◆ Task requirements: Go to the line containing "Bear, a male" in the records below and print it and every following line exactly, on through the line containing "Loropetalum c. 'Daybreak's", then stop.

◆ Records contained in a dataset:
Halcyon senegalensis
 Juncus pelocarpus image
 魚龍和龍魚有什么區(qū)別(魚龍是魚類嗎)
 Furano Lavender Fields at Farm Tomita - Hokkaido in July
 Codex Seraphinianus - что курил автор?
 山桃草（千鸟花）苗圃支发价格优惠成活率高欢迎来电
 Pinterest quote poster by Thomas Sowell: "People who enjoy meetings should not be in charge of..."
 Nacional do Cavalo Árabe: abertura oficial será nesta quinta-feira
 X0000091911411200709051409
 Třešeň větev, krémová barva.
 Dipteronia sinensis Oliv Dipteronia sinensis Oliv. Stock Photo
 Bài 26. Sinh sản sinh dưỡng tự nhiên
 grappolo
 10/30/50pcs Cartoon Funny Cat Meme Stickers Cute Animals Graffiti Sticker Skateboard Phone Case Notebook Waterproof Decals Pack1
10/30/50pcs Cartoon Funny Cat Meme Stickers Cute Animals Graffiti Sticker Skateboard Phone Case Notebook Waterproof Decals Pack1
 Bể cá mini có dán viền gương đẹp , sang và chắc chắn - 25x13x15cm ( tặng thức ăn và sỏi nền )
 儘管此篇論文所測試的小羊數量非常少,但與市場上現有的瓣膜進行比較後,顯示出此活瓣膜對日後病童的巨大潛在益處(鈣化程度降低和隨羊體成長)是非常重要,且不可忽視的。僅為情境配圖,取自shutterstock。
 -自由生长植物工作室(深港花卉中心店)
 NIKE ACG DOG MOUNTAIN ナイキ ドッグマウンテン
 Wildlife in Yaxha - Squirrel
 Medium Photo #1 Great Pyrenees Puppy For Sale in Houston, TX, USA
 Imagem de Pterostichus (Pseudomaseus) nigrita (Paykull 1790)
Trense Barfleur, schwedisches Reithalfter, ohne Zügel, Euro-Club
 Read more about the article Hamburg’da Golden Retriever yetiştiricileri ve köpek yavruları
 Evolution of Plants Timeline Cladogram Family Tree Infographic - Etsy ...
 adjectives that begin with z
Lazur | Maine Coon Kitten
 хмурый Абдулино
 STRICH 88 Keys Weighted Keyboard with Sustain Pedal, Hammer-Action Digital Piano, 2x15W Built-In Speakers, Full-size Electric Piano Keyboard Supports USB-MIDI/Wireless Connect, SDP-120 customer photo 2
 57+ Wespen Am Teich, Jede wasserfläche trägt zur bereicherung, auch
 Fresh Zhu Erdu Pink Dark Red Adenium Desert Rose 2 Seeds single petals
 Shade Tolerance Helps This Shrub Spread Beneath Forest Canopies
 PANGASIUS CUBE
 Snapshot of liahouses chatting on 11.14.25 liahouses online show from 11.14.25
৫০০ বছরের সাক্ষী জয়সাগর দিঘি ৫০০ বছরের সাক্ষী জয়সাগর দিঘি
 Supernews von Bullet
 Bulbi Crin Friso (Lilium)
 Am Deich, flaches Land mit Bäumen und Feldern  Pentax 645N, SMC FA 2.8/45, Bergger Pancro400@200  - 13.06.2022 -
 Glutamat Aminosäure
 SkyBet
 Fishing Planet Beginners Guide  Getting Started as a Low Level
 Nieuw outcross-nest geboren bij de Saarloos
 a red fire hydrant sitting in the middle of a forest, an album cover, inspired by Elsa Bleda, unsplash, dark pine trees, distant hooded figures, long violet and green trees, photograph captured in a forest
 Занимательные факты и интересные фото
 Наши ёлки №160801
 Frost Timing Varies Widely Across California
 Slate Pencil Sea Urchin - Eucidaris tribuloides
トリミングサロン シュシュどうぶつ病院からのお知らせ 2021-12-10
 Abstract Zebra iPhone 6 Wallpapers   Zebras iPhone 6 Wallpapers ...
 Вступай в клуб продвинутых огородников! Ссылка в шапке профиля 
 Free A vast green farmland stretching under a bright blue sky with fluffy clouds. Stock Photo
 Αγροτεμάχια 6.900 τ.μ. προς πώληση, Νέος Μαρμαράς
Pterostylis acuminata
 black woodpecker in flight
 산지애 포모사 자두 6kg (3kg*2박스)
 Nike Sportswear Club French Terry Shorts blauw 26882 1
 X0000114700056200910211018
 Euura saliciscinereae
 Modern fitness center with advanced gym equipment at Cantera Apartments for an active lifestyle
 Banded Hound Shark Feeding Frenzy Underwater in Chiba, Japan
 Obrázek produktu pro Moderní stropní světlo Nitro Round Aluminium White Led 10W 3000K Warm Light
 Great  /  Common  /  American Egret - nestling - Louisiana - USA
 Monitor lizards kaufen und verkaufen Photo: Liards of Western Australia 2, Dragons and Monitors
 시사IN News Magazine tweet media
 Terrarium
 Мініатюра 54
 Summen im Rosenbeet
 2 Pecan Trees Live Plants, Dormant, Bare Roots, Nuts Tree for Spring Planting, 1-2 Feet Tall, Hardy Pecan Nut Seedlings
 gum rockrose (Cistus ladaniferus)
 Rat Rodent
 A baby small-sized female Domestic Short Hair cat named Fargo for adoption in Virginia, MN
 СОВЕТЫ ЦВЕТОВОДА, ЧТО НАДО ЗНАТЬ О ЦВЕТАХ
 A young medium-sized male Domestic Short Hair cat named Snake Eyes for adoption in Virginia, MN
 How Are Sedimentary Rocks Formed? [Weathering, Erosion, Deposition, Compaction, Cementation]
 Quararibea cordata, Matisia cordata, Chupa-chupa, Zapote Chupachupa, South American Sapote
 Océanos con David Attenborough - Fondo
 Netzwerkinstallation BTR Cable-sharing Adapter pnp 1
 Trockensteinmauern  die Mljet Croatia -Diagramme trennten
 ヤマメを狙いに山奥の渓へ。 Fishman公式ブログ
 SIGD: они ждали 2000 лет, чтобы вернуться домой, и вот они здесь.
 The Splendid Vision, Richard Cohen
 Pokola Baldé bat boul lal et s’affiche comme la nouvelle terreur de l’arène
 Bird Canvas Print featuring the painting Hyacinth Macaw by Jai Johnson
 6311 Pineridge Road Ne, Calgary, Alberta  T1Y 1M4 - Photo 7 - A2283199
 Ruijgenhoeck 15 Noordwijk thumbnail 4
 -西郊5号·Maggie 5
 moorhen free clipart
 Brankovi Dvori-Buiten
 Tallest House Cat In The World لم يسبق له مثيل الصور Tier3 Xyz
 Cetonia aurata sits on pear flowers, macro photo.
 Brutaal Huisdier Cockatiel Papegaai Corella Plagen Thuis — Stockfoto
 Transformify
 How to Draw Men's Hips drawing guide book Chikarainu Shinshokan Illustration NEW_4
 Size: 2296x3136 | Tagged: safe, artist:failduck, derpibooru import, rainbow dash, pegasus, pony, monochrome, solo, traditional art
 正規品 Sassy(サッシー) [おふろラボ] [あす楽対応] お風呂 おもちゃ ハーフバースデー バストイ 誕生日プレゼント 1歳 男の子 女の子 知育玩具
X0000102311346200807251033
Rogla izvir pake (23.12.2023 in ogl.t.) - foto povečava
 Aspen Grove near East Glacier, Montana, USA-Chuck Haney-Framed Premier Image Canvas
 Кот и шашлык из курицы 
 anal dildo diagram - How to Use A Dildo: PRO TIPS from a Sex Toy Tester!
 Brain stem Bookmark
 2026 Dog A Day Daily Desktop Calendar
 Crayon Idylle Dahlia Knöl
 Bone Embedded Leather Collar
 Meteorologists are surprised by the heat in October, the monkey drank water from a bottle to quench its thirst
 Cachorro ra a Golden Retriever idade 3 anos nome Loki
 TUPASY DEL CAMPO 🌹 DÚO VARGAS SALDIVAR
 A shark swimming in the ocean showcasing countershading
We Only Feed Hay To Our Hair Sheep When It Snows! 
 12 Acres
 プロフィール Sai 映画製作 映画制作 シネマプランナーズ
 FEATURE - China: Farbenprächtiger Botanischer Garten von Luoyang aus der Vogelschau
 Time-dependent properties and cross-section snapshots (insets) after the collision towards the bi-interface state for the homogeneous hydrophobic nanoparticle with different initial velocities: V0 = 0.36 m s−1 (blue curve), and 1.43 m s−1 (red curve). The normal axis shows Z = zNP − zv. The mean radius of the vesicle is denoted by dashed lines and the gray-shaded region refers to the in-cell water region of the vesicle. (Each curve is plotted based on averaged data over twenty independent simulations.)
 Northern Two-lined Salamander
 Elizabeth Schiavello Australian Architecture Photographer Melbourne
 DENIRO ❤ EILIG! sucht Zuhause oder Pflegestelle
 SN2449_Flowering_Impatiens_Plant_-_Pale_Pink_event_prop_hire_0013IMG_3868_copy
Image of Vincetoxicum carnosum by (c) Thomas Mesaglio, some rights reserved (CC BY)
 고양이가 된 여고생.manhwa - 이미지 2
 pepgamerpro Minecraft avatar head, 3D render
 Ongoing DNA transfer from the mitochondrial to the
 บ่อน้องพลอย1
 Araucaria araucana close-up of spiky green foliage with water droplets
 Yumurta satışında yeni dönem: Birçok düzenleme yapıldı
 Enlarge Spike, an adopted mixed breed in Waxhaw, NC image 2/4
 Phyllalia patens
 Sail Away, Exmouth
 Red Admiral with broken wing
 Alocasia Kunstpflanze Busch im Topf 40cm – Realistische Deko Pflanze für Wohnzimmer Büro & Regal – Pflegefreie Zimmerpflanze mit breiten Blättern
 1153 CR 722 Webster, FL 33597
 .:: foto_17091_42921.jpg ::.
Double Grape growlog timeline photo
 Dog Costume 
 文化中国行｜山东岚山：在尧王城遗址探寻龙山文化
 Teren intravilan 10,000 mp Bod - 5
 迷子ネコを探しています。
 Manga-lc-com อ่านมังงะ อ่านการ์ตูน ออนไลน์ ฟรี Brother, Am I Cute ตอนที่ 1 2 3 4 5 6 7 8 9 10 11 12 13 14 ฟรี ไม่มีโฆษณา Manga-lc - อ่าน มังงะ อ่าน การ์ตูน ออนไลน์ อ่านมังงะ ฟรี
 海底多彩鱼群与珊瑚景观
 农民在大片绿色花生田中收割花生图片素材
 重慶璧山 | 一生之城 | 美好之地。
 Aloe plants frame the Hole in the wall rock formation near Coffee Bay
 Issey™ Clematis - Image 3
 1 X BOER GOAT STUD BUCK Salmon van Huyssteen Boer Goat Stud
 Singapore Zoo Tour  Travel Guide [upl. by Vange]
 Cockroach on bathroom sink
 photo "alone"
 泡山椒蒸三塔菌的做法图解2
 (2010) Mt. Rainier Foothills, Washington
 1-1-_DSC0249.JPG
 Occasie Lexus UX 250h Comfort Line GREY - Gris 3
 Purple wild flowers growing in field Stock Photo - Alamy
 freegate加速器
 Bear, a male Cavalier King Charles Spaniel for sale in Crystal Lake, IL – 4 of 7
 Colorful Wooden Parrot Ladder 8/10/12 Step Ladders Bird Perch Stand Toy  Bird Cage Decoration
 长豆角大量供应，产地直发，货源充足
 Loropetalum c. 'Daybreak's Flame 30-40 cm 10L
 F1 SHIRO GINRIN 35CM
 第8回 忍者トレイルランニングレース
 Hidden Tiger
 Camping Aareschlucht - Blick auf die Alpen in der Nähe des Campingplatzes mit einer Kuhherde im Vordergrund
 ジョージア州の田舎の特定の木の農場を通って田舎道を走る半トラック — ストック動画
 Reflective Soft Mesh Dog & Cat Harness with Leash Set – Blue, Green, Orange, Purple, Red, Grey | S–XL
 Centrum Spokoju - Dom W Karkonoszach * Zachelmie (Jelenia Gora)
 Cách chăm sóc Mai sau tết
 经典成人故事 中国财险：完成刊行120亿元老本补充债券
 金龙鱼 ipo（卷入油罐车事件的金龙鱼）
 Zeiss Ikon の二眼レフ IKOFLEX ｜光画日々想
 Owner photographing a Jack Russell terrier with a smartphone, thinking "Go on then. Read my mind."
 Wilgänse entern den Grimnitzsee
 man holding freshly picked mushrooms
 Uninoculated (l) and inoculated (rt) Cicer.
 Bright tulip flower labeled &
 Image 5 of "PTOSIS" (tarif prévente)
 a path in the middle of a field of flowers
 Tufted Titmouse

◆ Expected output:
 Bear, a male Cavalier King Charles Spaniel for sale in Crystal Lake, IL – 4 of 7
 Colorful Wooden Parrot Ladder 8/10/12 Step Ladders Bird Perch Stand Toy  Bird Cage Decoration
 长豆角大量供应，产地直发，货源充足
 Loropetalum c. 'Daybreak's Flame 30-40 cm 10L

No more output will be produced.